═══ Exercise material

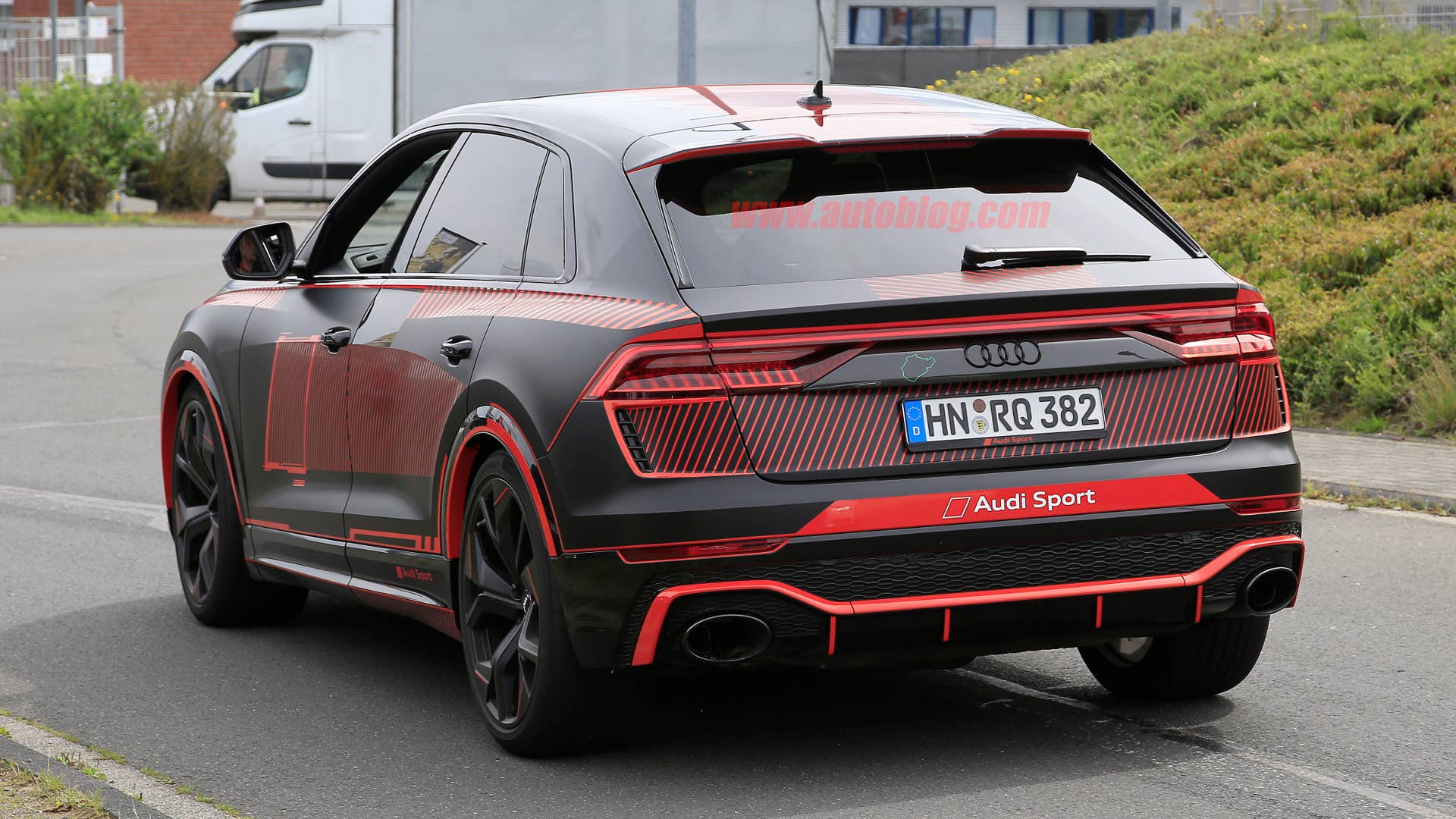 Audi RS Q8 with almost no camouflage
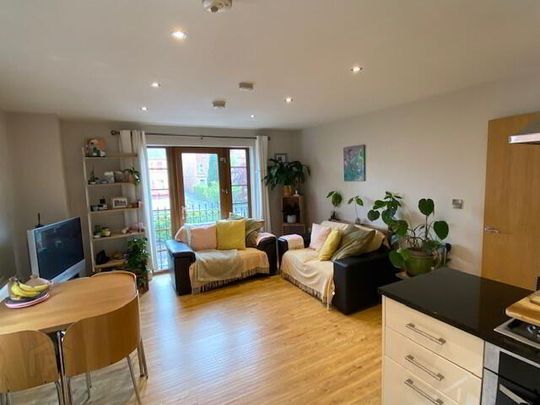 22 Upper Lisburn Road, Belfast, BT10 0AA - Photo 1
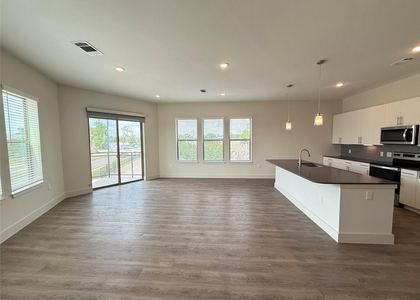 641 W Crosstimbers Street - Photo 1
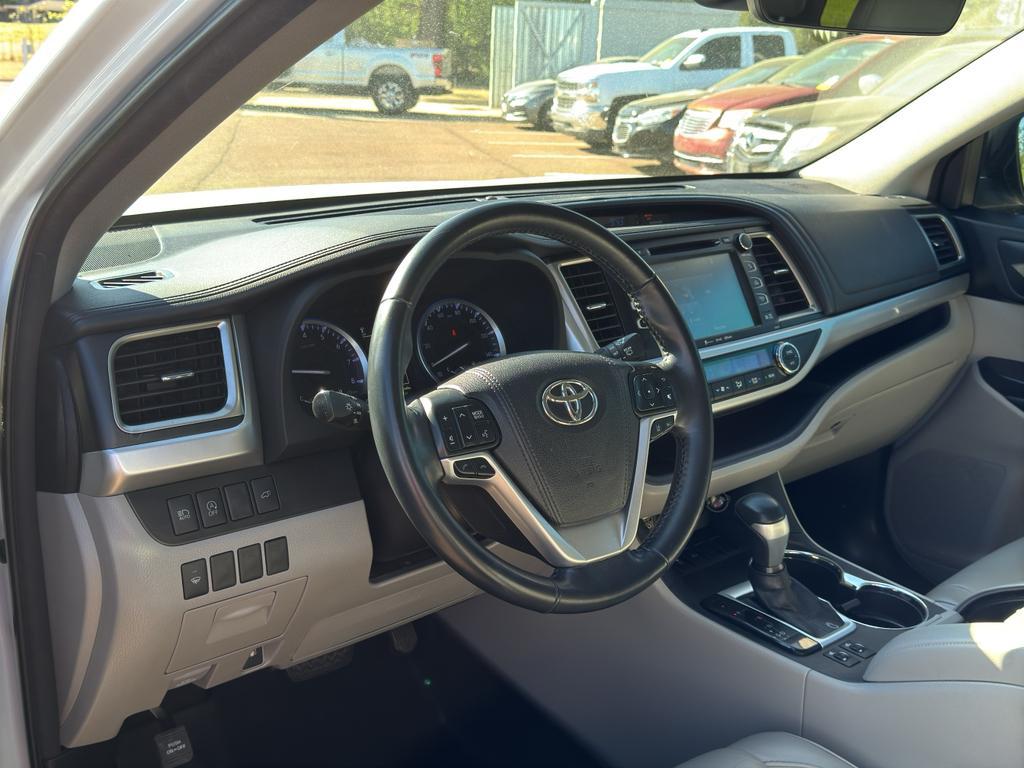 used 2018 Toyota Highlander car, priced at $19,432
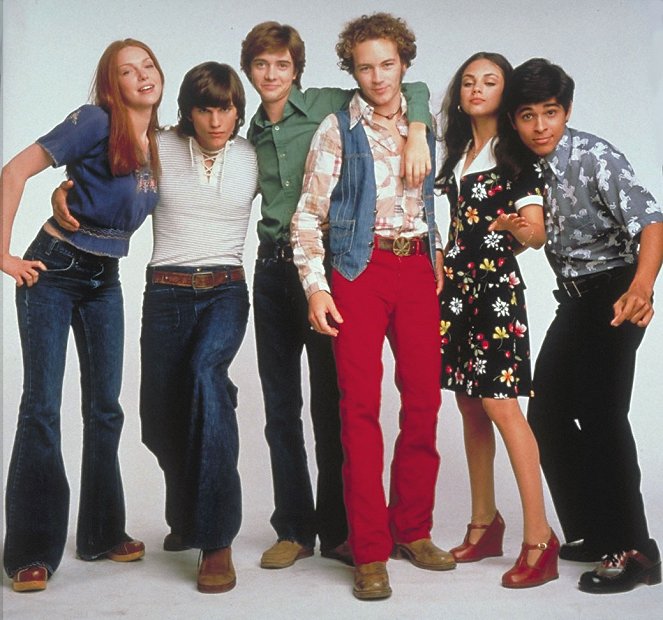 That '70s Show - Promokuvat - Laura Prepon, Ashton Kutcher, Topher Grace, Danny Masterson, Mila Kunis, Wilmer Valderrama
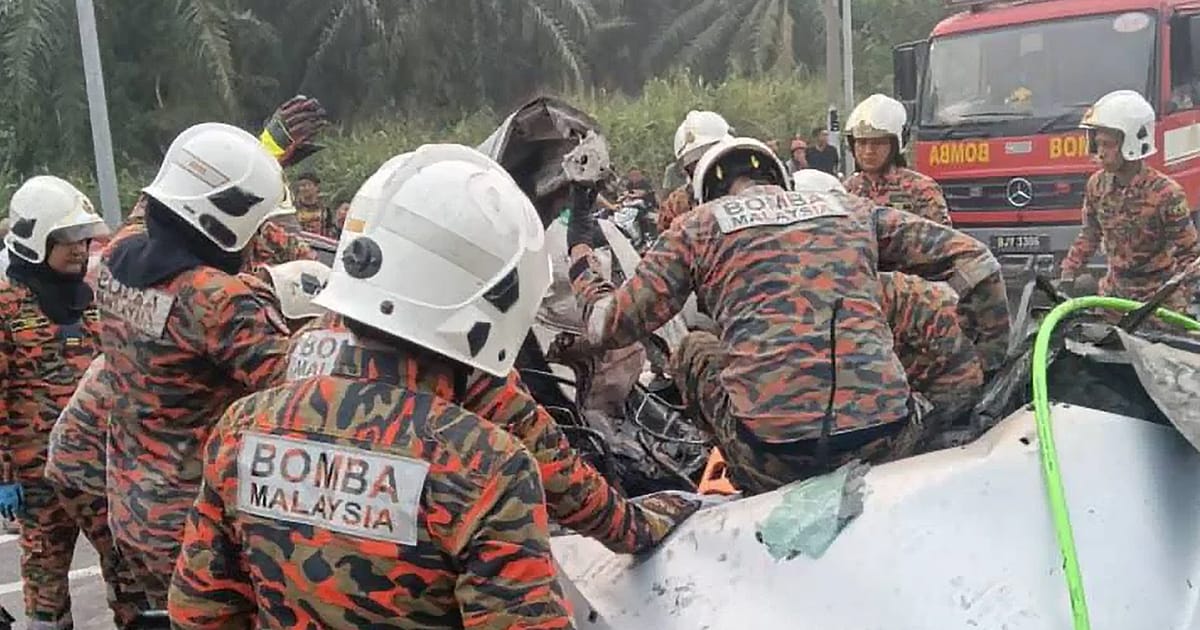 Dua wanita terbaksi dalam kereta selepas perlanggaran dengan lori di Yong Peng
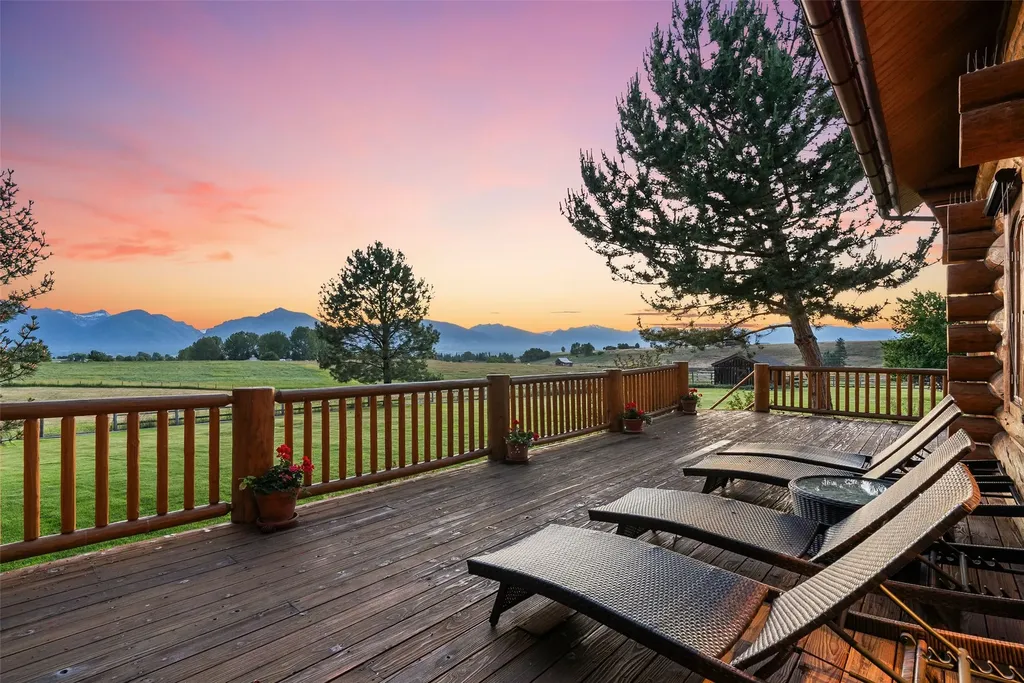 533 Diamond 3 Road Corvallis MT 59828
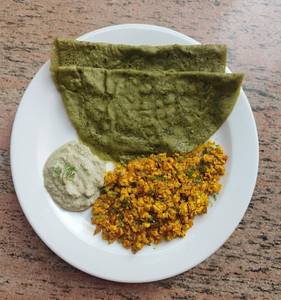 Egg Bhurji With Spinach & Basil Multigrain Dosa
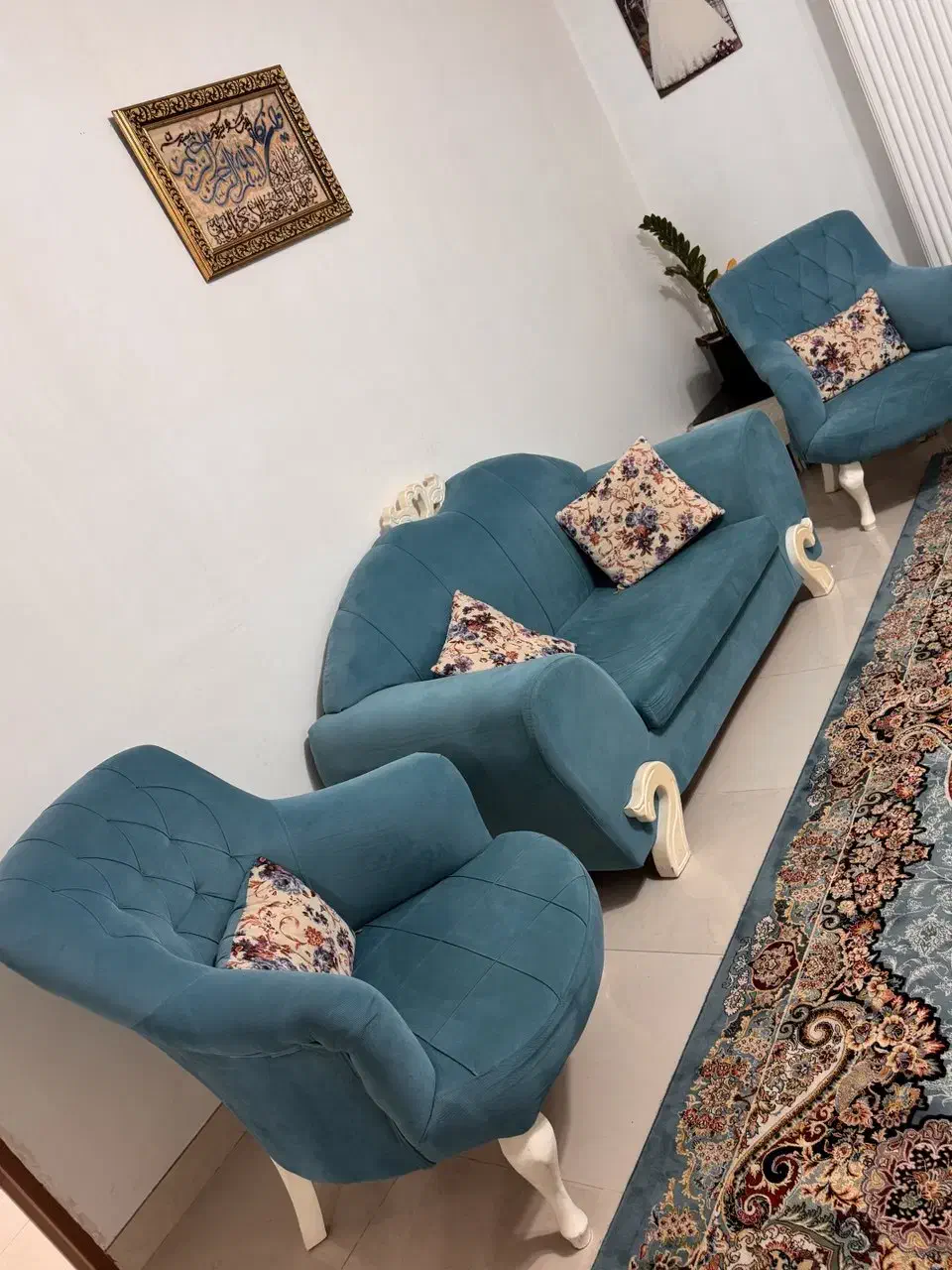 فروش مبلمان و فرش و میز وسط و عسلی|مبلمان خانگی و میز عسلی|رشت, فلسطین|دیوار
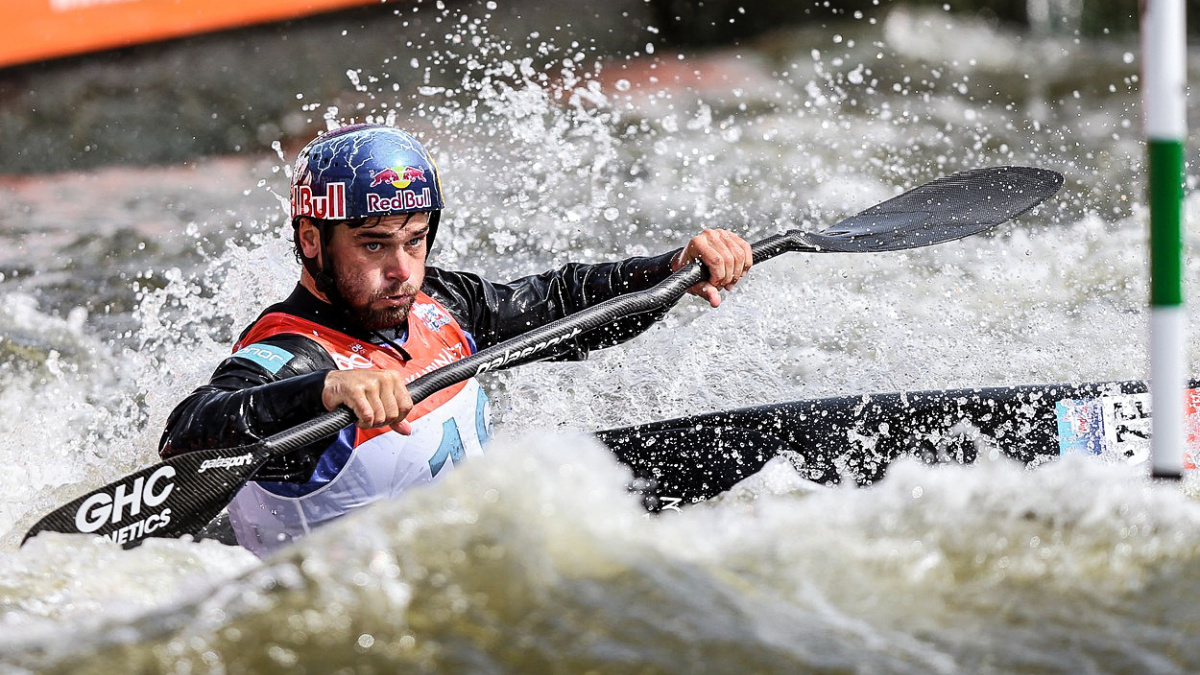 Hradilek pilotuje letadlo, jako když jezdí slalom. Závodit ale odmítá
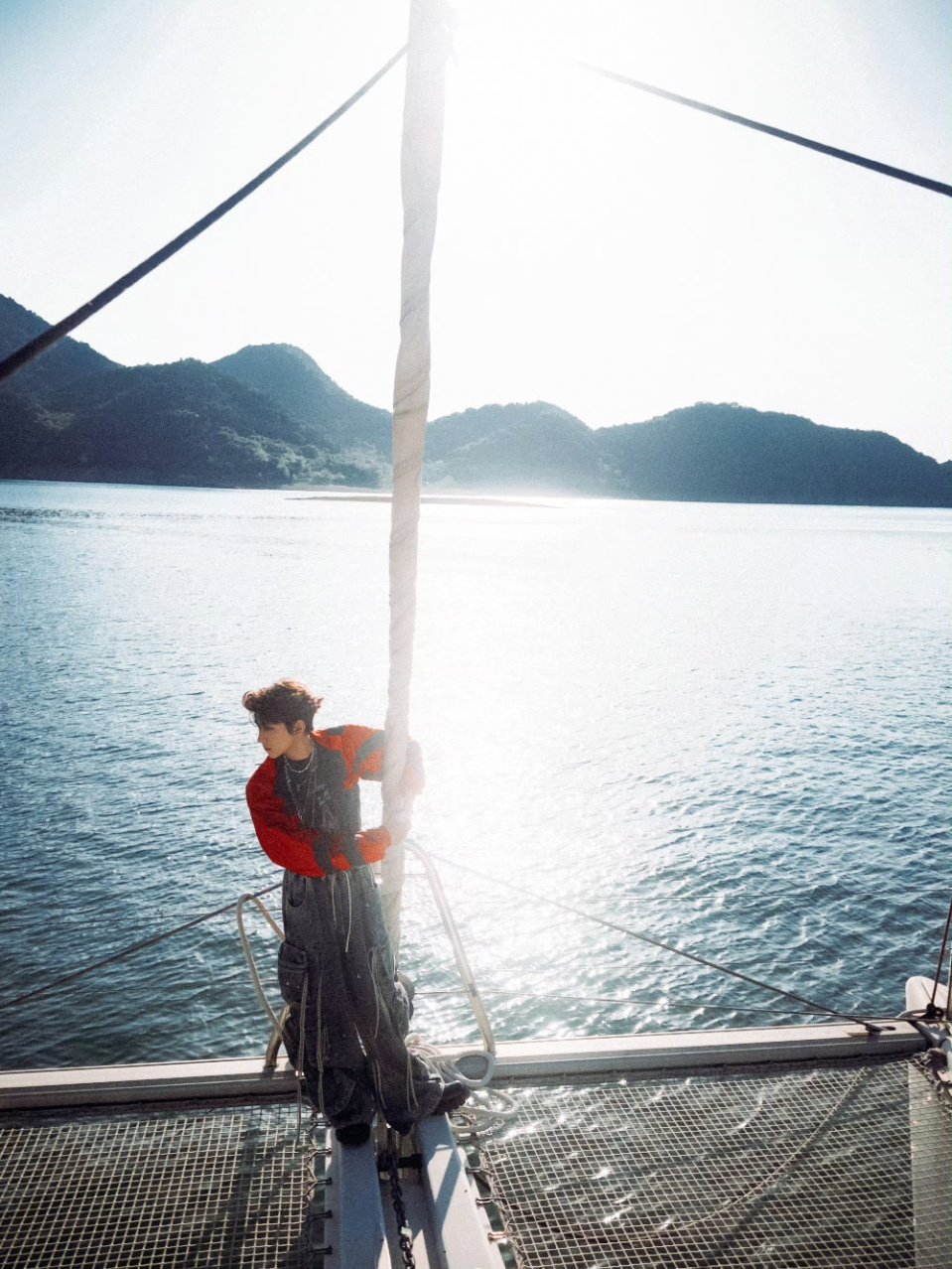 王源新专辑已发货王源新专辑在苍穹下狂奔已发货 所有期待陆续派送，期待收货！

══════

**Aim of the task**
Starting with the line that has "Egg Bhurji With" and ending with the last line of the records, retype every line exactly and only those lines. Do not include the pictures.

**Exercise response**
 Egg Bhurji With Spinach & Basil Multigrain Dosa
 فروش مبلمان و فرش و میز وسط و عسلی|مبلمان خانگی و میز عسلی|رشت, فلسطین|دیوار
 Hradilek pilotuje letadlo, jako když jezdí slalom. Závodit ale odmítá
 王源新专辑已发货王源新专辑在苍穹下狂奔已发货 所有期待陆续派送，期待收货！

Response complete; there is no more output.